For more information, see Energy Star:
8: Moving costs
Buyers and sellers moving at least 50 miles from their last address and who move within one year of starting a new job may deduct moving costs, storage costs or moving-related travel costs such as lodging and food.
To qualify, you must prove you've worked at least 39 of 52 weeks at your new job once the move is complete.
9: Mortgage tax credits
For lower-income buyers planning to get into their first home this year, now's the time to investigate whether you're eligible for a federal tax credit for up to 20 percent of mortgage interest paid on the home when you file 2007 taxes.
This state program requires that buyers secure a mortgage-credit certificate.
The certificate program has rules about minimum and maximum household income, prices of homes purchased and locations of the homes.
However, many of these restrictions are shifting, especially with respect to the location, says Dee Taylor, director of the Washington State Finance Commission.
"We're relaunching this," Taylor says. "This is an incredibly powerful tool."
Here's how it works: Buyers who expect to pay $6,000 in mortgage interest during a year of ownership would, under the program, qualify for a federal $1,200 tax credit (20 percent of the mortgage interest total) and pay only $4,800 in mortgage interest.
The $4,800 in mortgage interest paid would still be deductible, Taylor says.
"Under this program you don't make more money, but you keep more disposable income," Taylor says.
Buyers hoping to qualify for mortgage-credit certificates must seek them out before closing on their home loan.
To date, lenders originating loans that carry the credit include Countrywide Home Loans, Eagle Home Mortgage, First Mutual Bank, HomeStreet Bank, National City Mortgage and Seattle Metropolitan Credit Union. For more information, check: www.wshfc.org/buyers/MCCprogram.htm
10: Vacation/second home
If you own a second home, you are eligible for many of the same tax breaks that apply to a primary home — deductions for mortgage interest and property taxes, capital-gains exemptions, etc.
That's because the IRS allows the above-listed deductions on one primary home plus one second home.

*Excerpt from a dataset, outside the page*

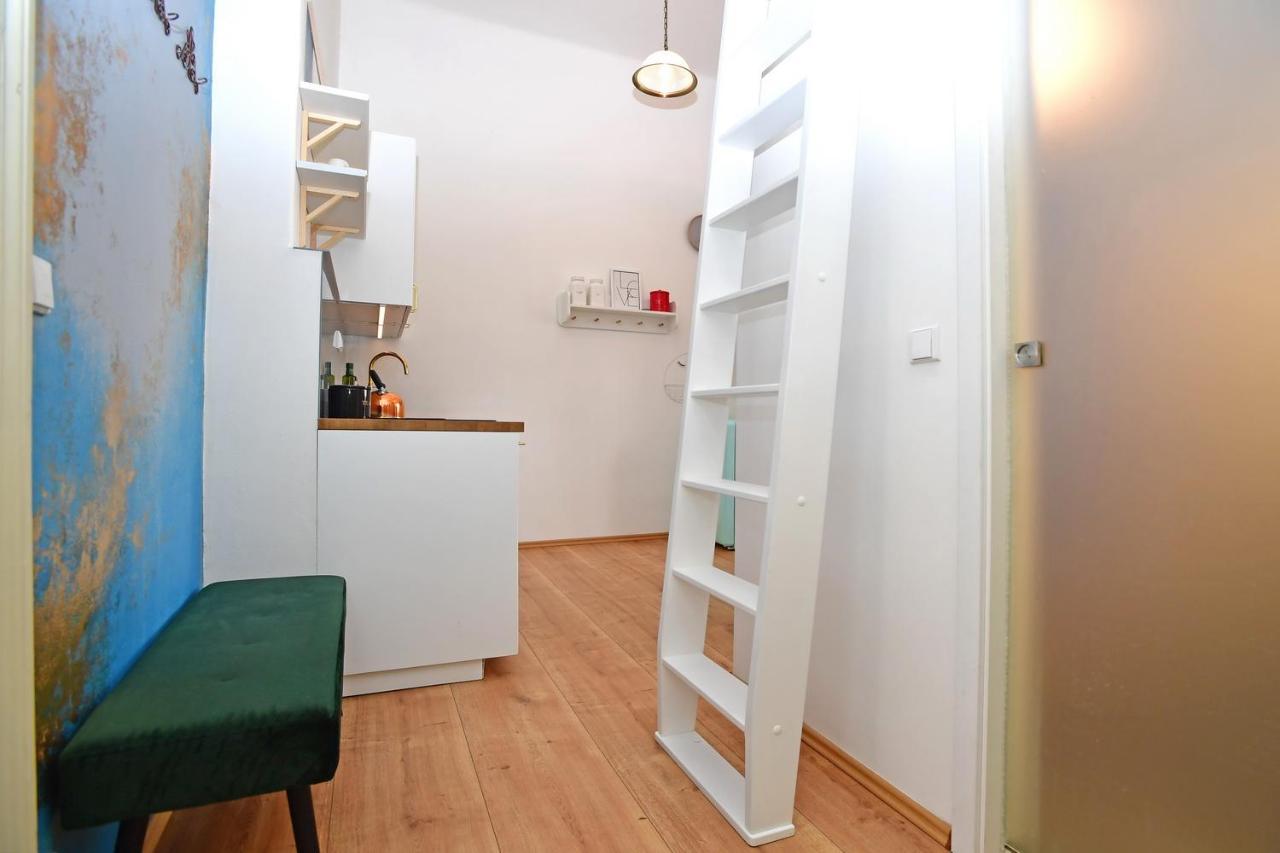 Apartmán Lovely Little Cosy In *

What that second home means to you, however, determines the extent of the deductions you're allowed to take.
If you rent the second home out, you will need to decide whether you are, for tax purposes, treating the place as investment property (renters spend more time in it than you) or as a personal retreat (you spend more time in it than renters).

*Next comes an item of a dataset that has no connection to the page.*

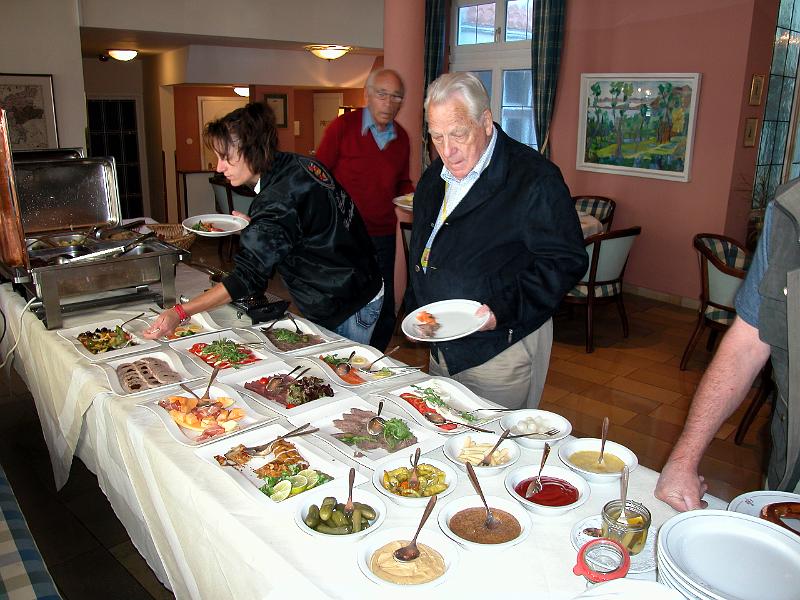 DSCN6538.JPG - Aber zuerst stärken wir uns mit einem grosszügigen Brunchbuffet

Deductions will differ depending on your decision.
The IRS has a "14-day test" to help you determine how to classify your property.

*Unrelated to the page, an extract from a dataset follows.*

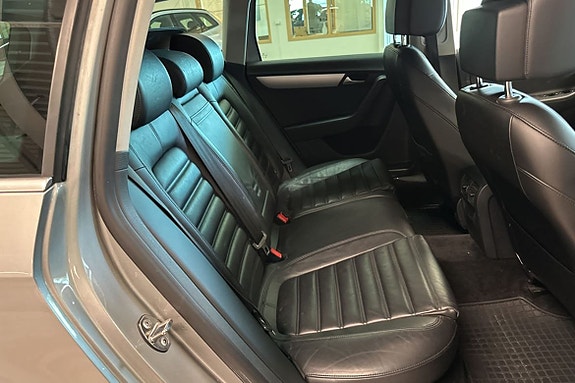 Volkswagen Passat Alltrack 15 of 16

If you use the home fewer than 14 days a year, or less than 10 percent of the days it's rented to outsiders each year, whichever is greater, your home is an investment property.
If you use the home 15 or more days a year, or more than 10 percent of the time you rent it out, it's a "second home."
Your "workdays" on the property (i.e., days spent doing maintenance) don't count toward the 14-day test.
If your property counts as a second home, you can collect 14 days of rent without paying taxes on that income, as well as many of the same deductions you get on your primary home.
If your property counts as an investment property, your returns may become more complex.
This means the home has taxable income (from renters), as well as operating costs (maintenance, advertising, management-firm fees, etc.), depreciation and a total profit or loss each year.
You can reflect this on your taxes in the form of deductions.
If you historically used the home one way (say, as a vacation retreat) and are shifting use (say, renting that vacation place out all season), talk to a tax professional about how to document the shift on your tax forms and with deductions.
The book "How to Rent by Owner" by Christine Hrib Karpinski offers many tax and other financial tips for vacation-home owners.
The Web site is: www.howtorentbyowner.com.